Até confesso que para ganhar cartuchos de amêndoas (de coco e amendoim) na Semana Santa, já vesti opa, carreguei a tocha, toquei matraca pra cera do Santo Sepulcro e balancei o Turíbio com incenso e mirra. Mas, coroinha oficial, não cheguei a ser.
O Padre, não deixou.
Eu não era confiável.
Logo percebi daquelas intenções.
Se bem que eu tinha vontade, muita vontade de tocar aquela campainha que se toca na hora da consagração de cristo.
Aquela de vários sininhos.
Como eu gostava daquela campainha.
Acho que gosto até hoje dela.
Voltando a Conceição da Barra vi na beira do rio a mineração de cassiterita que mais tarde se transformaria em estanho.
Era uma riqueza espionada pelo olho do próprio dono da Mineração.

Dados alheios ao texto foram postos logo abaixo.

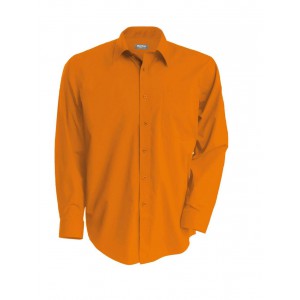 JOFREY - LONG-SLEEVED SHIRT, Orange (shirt)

Tudo era medido e muito bem pesado.
Deixamos a beira do rio e cortamos por um atalho.
Na estrada principal havia uma ribanceira com uma estradinha estreita morro abaixo.
No fundo daquele Vale havia uma casinha branca com chaminé fumegante.
Era linda aquela paisagem que se descortinava aos meus olhos.
Fui avisado de que a caminhoneta não desceria, pois, se carregada jamais subiria novamente a ribanceira.
Lá embaixo já avistei um carro de bois (12 juntas de bois caracu).
Carregavam o carro com caixas de madeira.
Descemos o morro escorregando e caindo como fruta madura caí do pé.
Não havia como não cair.
Na casinha branca entramos e dei de frente com um tacho de cobre enorme cheio de doce de goiabas.
Tudo fumegando debaixo de uma imensa fornalha alimentada por lenha, gravetos e troncos de árvores poderes.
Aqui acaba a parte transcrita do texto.